OpenAI faces numerous lawsuits over its use of copyrighted articles, books and artwork to train its generative artificial intelligence (AI) tools.
OpenAI, the company behind the artificial intelligence (AI) chatbot ChatGPT, said it would be “impossible” to train its AI tools without using copyrighted materials.
This comes as OpenAI faces multiple lawsuits related to its use of copyrights articles, booksand art to train ChatGPT. Other AI companies face similar lawsuits.
Generative AI tools are trained on large amounts of content from the internet which they use to analyze and learn patterns to generate new human-like content.

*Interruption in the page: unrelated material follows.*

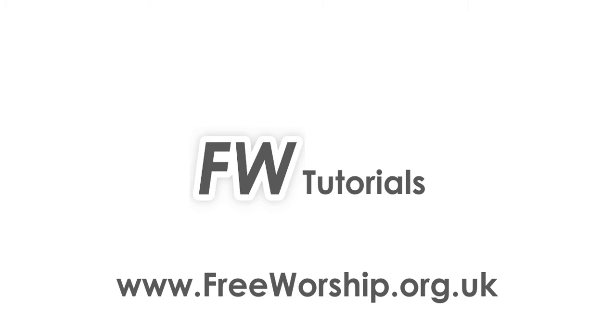That's it. Please check out our YouTube channel or freeworship.org.uk for more information and help.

“Because copyright today covers virtually every type of human expression – including blog posts, photographs, forum posts, snippets of software code, and government documents – it would be impossible to train today’s leading AI models without using copyrighted materials” , OpenAI said in a written statement. evidence presented to the UK House of Lords last month.
The company’s response to an investigation into large language models (LLMs) was first reported by British newspaper The Telegraph.

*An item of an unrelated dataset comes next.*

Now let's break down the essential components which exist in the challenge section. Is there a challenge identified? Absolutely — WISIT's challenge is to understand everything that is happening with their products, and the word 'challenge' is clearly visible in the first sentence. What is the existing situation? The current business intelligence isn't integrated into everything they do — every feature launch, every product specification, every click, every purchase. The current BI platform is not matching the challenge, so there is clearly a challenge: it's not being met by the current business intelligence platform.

OpenAI said that “limiting” training data to public domain content “would not deliver AI systems that meet the needs of today’s citizens.”
He added that while the company believes that “copyright law does not prohibit training,” it recognizes that “there is still work to be done to support and empower creators.”
ChatGPTreleased in November 2022, it has accelerated the advancement of AI tools thanks to its growing popularity over the past year.
But it has also raised concerns that AI tools that produce written content and artwork will lead to job losses across multiple industries.
OpenAI responds to New York Times lawsuit
The New York Times was the last company to do so file a lawsuit against OpenAI for copyright infringement, claiming that the AI company owed them “billions of dollars in statutory and actual damages.”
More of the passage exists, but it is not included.